Gidilecek kurumlar özenle seçilmiyor, ziyaretler sivil toplum üyelerinin katılımına açık değil ya da en azından onların görüşlerini de dinleyen ve raporlarını dikkate alan bir işleyiş yok. Oysa yasada böyle değil, yasada sivil toplum örgütleriyle istişare ederek birlikte ve işbirliği yaparak deniyor.
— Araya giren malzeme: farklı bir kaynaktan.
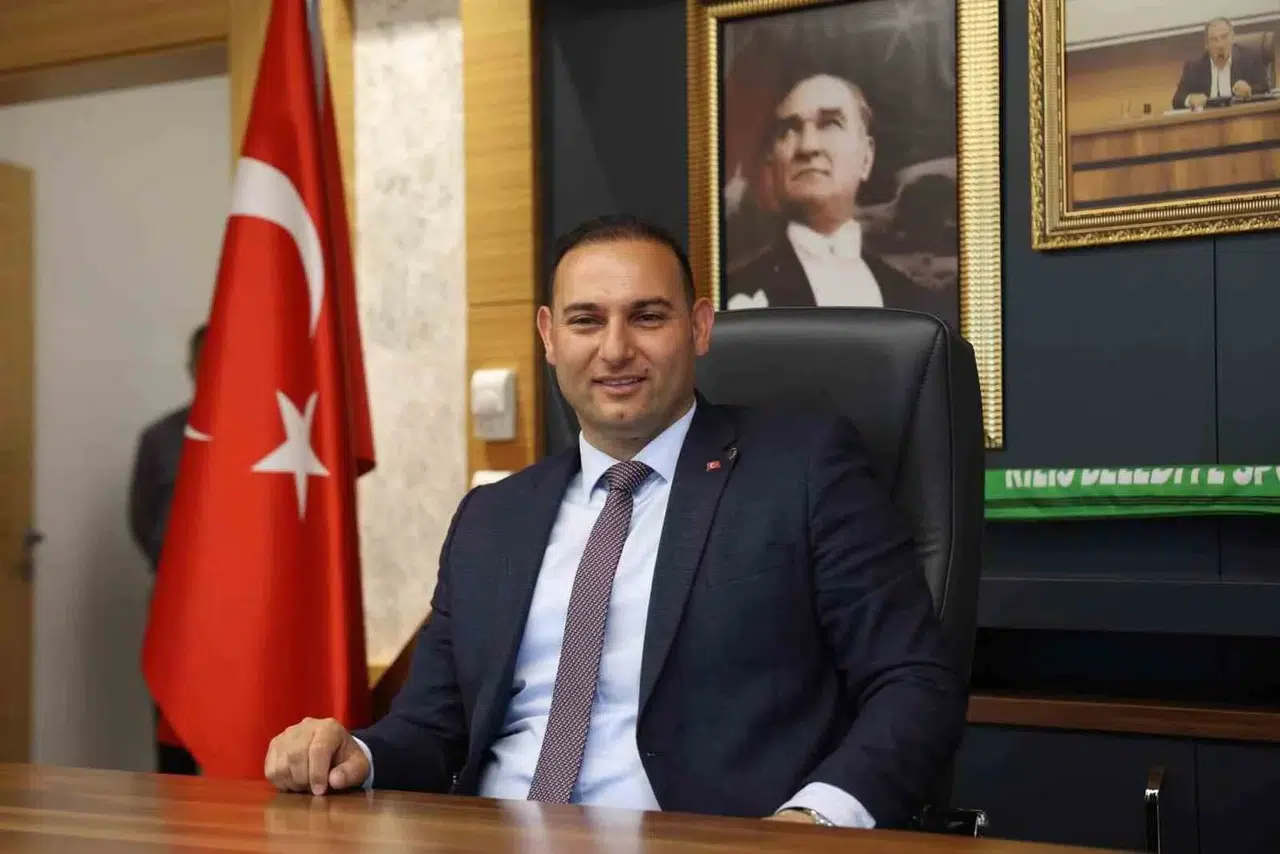Kilis’te şok ayrılık: Belediye Başkanı Hakan Bilecen rozetini çıkardı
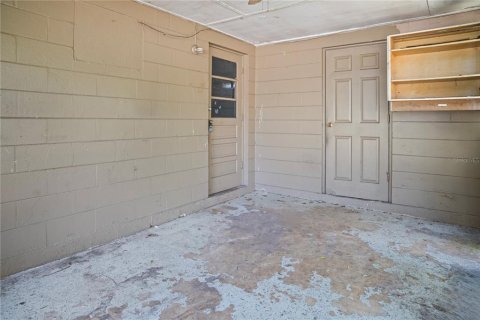 Commercial property in Lutz, Florida 75.44 sq.m. № 2306286 - photo 8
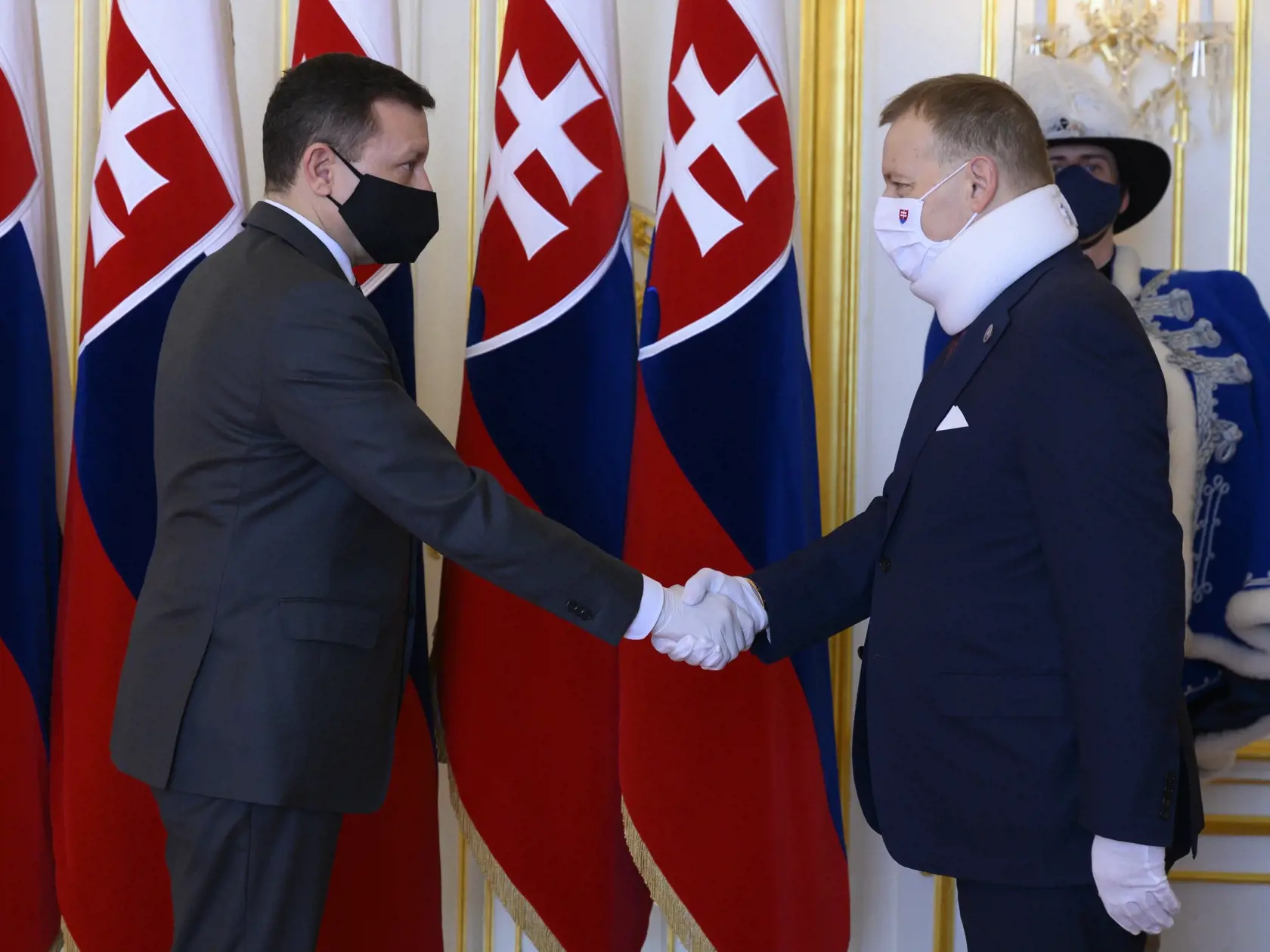 Novozvolený špeciálny prokurátor Daniel Lipšic (vľavo) zložil svoj sľub do rúk predsedu Národnej rady (NR) SR Borisa Kollára (vpravo) 15. februára 2021 v Bratislave. Začalo mu plynúť sedemročné funkčné volebné obdobie na poste šéfa Úradu špeciálnej prokuratúry (ÚŠP).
Her şeye ve bütün hatalarına rağmen raporları kıymetli buluyorum.  Akıl almaz insan hakları ihlalleri var ve kurul üyeleri raporlaştırmış bunu, ben değil. Bir sivil toplum örgütü raporu değil. Rapor yazıldıktan sonra görev tamamlanmış, bir kenara konulmuş beklemiş uzun bir süre masalarda. Bir süre sonrada web sayfasına konulmuş. Bu raporlanan yerlerdeki durum nasıl izleniyor acaba,  böyle bir mekanizma var mı anlayamıyoruz.

Kuruluş amacında “işkence olmadan önle” diyor, işkence ve kötü muameleyi önleme mekanizması kurulması o yüzden var görevleri arasında. 

Mesele önleme yani.

Yahu raporları biz de yazıyoruz, üstelik aynı şeyleri biz söyleyince terörist oluveriyoruz.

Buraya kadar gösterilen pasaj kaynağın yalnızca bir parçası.